Challenges
Our experience in planning, managing and reviewing the OneWordl Think Tank electronic conferences points to several challenges which need to be addressed if electronic conferencing is to become more useful as a tool for information exchange and communication for development purposes.
- Follow-up. The e-conferences have generated a large amount of information exchange as well as information and ideas. In a sense they are only the first steps in longer paths. All four had links to other ongoing and larger processes and projects. Something is needed, using the Think Tank mechanism or something else, to return to previous discussions, to capitalise on them, to ensure that the knowledge generated has been disseminated and used and can be extended and enhanced.
- Feedback. To assess the usefulness of the project, we need insights into the perceptions of the 'content' practitioners regarding the discussions. Especially from the moderators, how useful was the information generated, how does the process compare to others, and would they do it again?
- Capacities. This is a project with partners in the North. Despite each of the partners having collaborators in the South and seeking to involve some of them in the project, resources have not been available to significantly assist in developing the capacities of local organisations to engage in the same tasks. Yet this is a crucial part of any strategy to directly engage individual beneficiaries and local groups in the discussions fostered in the project.
- Lessons. Aside from the insights into the organisation and delivery of water and sanitation services, the project has generated practical insights into information and communication strategies and tools in the sector. This needs to be documented and disseminated and brought to the attention of policy makers and practitioners in various sectors and fora.
- Sustainability. The logic behind the project was to combine limited seed money with a commitment by the participating organisations to contribute their own (staff) resources, often far exceeding any initial seed money. By adopting a co-operative approach, each organisation can participate in the most appropriate way, using the project to contribute to the achievement of its own goals in the sector. By adopting such an approach, the group could together achieve far more than by working on their own. This was demonstrated by IRC and WEDC who used the experience in 2002 running e-conferences under the WSSCC and Virtual Water Forum umbrella offered by the Third World water Forum.. One focussed on School Sanitation and Hygiene Education http://www.irc.nl/sshe/resources/econf.html , and another one on Scaling Up Community Management of Rural Water Supply is running, see http://www.irc.nl/manage/debate/econf.html.
Two overall questions
- How to reach the unreached?

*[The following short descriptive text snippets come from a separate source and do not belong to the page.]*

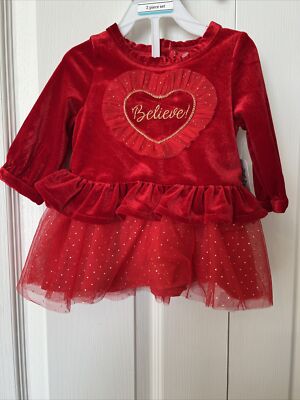 Baby Starters Girls Red Velvet 2 Piece Christmas Holiday Dress Size 6 Months NWT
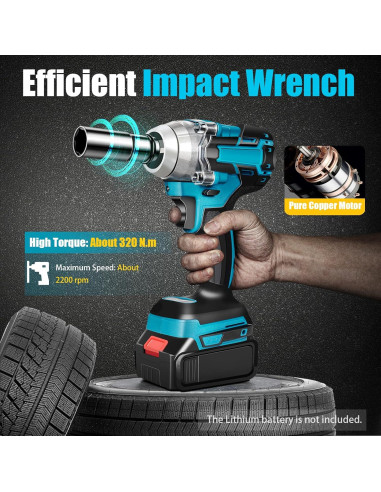 Llave de impacto inalámbrica HIYTCU 21V 320Nm con 6 manguitos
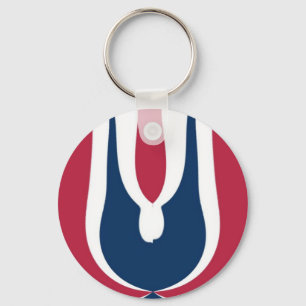 Chaveiro Belo Abstrato de cor de textura vermelha, branca e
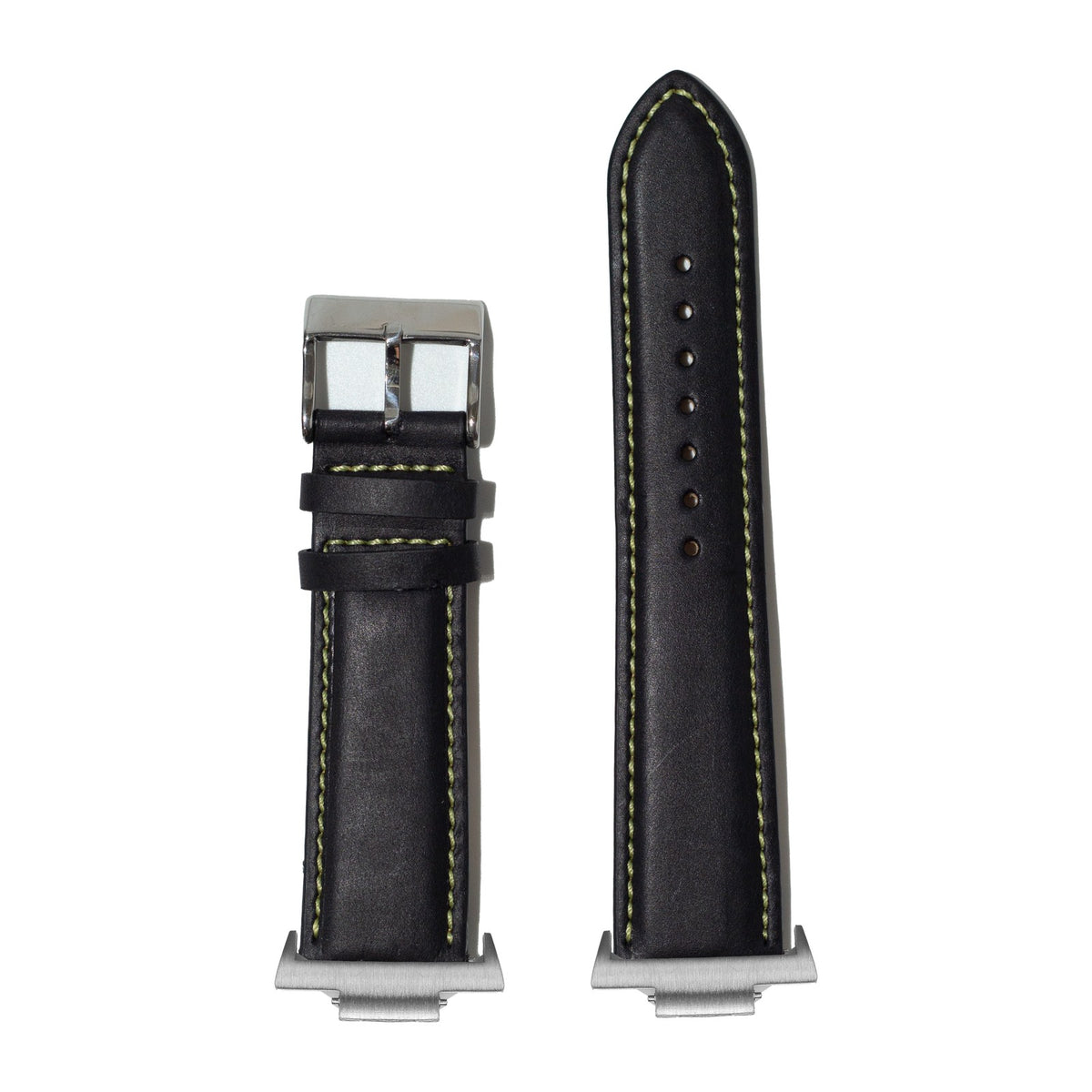 Padded Leather - Black | Yellow Stitching Silver with Strap Adapter for Tissot PRX 40
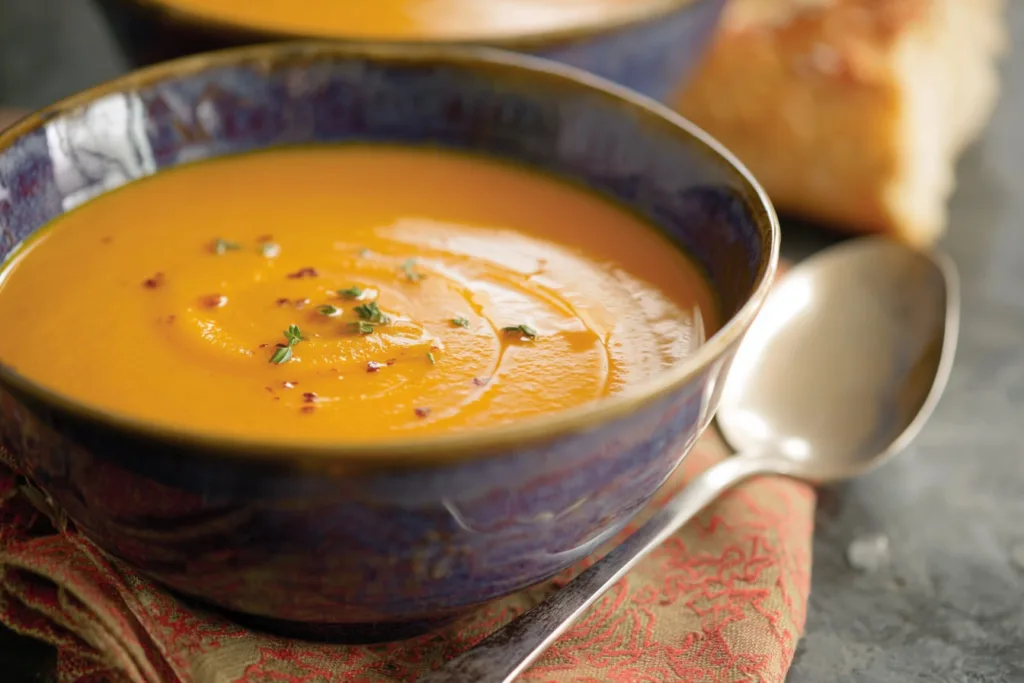 carrot sweet potato soup dinner recipe photo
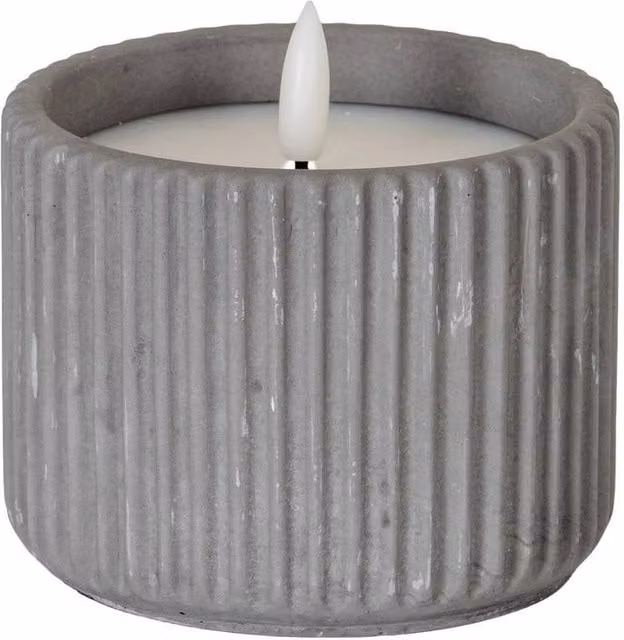 Lemon Pavilion Furniture and Decor Natural Glow Ribbed Medium LED Wax Candle in Grey, W7 x D7 x H9 cm – 1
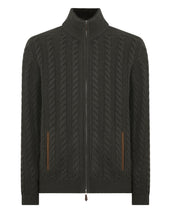 Men's Richmond Cable Cashmere Cardigan Arabica Khaki Green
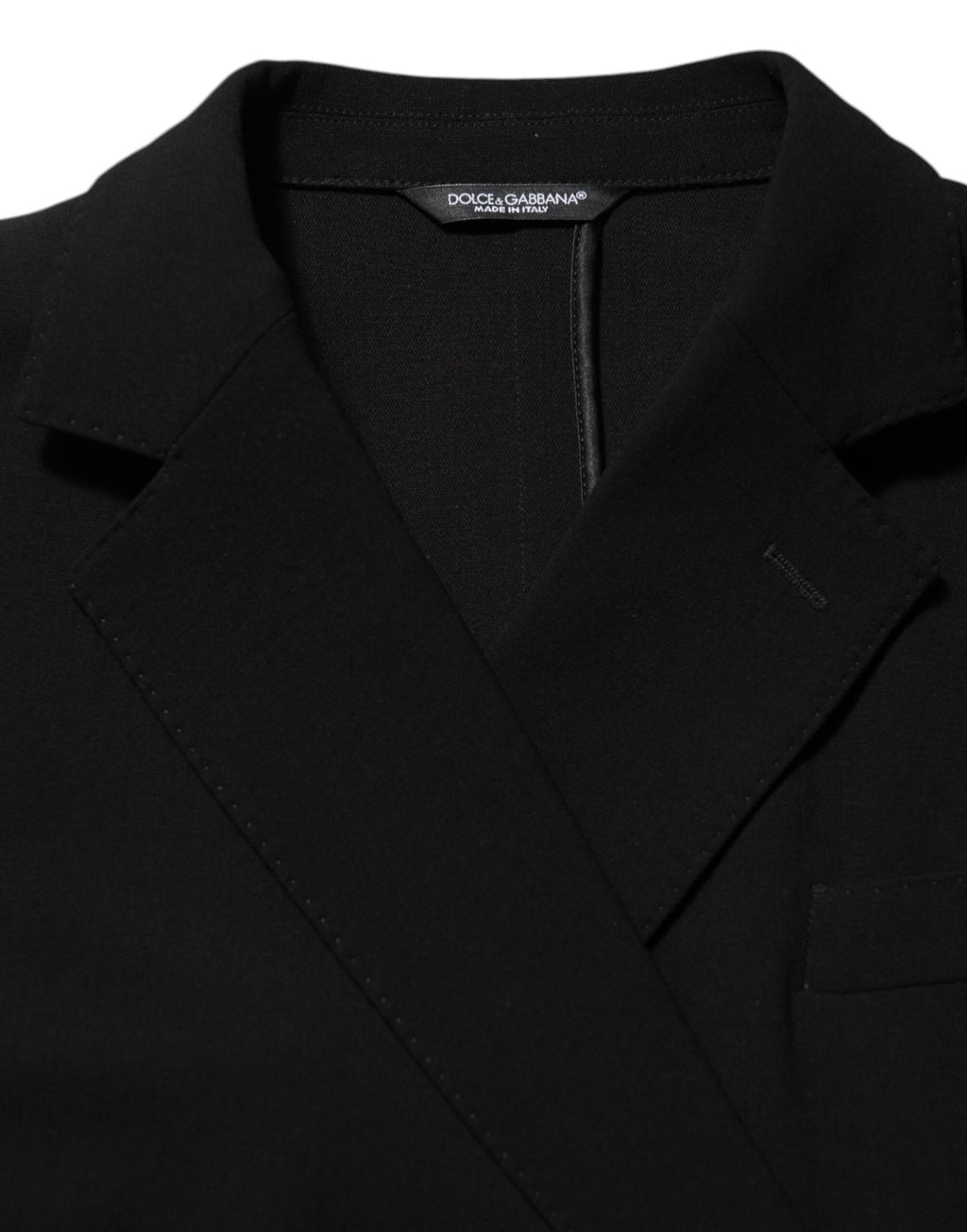 Veste pour homme Dolce & Gabbana en laine noire à double boutonnage, blazer élégant et classique.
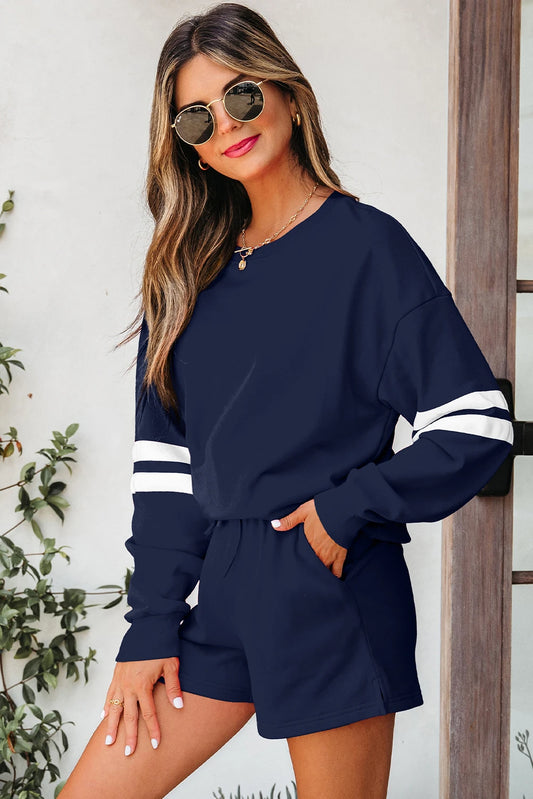 Fall Days Varsity Stripe Sweatshirt Set (Multiple Colours)
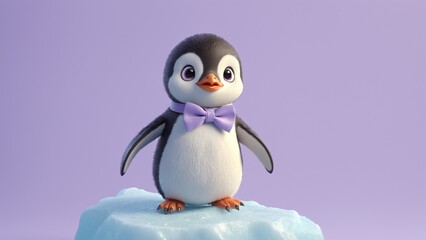 Naklejka premium Cute Cartoon Penguin with Bow Tie Standing on Ice in Soft Purple Background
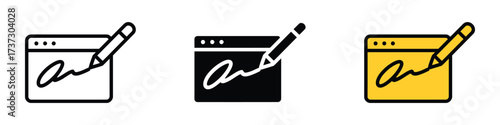 Electronic signature icon vector. electronic document signing and verification symbol. vector illustration.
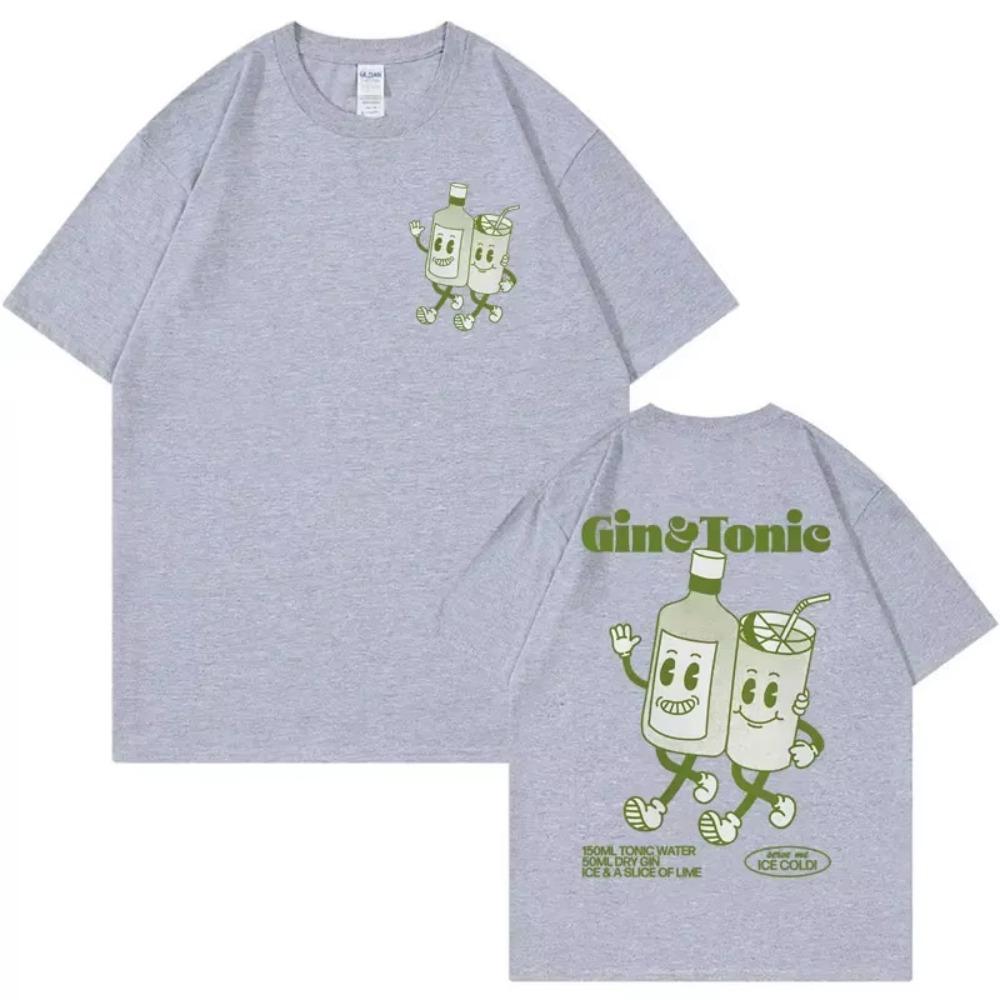 Summer T Shirt Retro Cartoon Aesthetics Short Sleeve Men's and Women's Summer Fashion Cotton Fun Cocktail Party Meme Pattern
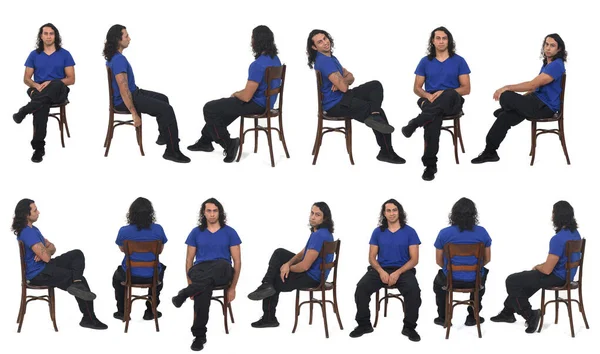 Gran Grupo Mismo Hombre Sentado Cara Cara Espalda Con Ropa Imagen De Stock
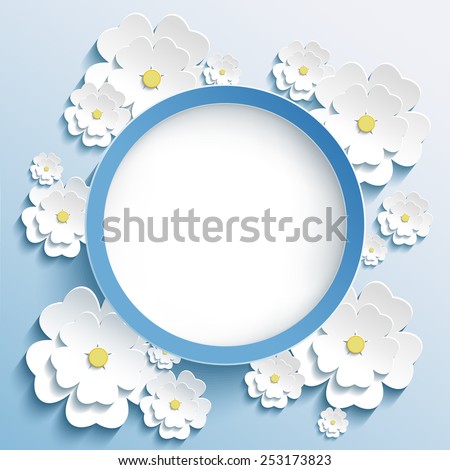 Beautiful trendy round frame with 3d white flowers sakura - japanese cherry tree. Greeting or invitation card with stylized blossoming sakura. Stylish modern blue background. Vector illustration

Despite rapid growth in the hardware and software capabilities of developing countries, we know that on-line access is still extremely limited. The future for e-conferencing may be as a telecommunications skeleton which links together disparate, but more traditional forms of interaction. In this scenario, off-line discussions needs to be married with on-line discussions, interfaces between fax nets and e-mail need to be brokered, the traditional, oral based communication media of the urban/rural poor needs to be linked meaningfully to electronic means of communication.
- How to prevent tokenism? One of the key challenges for practitioners working in water supply and sanitation provision is to demonstrate meaningful demand responsiveness. Electronic conferencing provides a means by which NGO's, CBO's, government and others can interact and debate, for example, levels and quality of service provision. The next step is to facilitate through e-conferencing a voice for the 'end users' of these services. A real danger is that end user representation becomes a token effort - all show and little substance.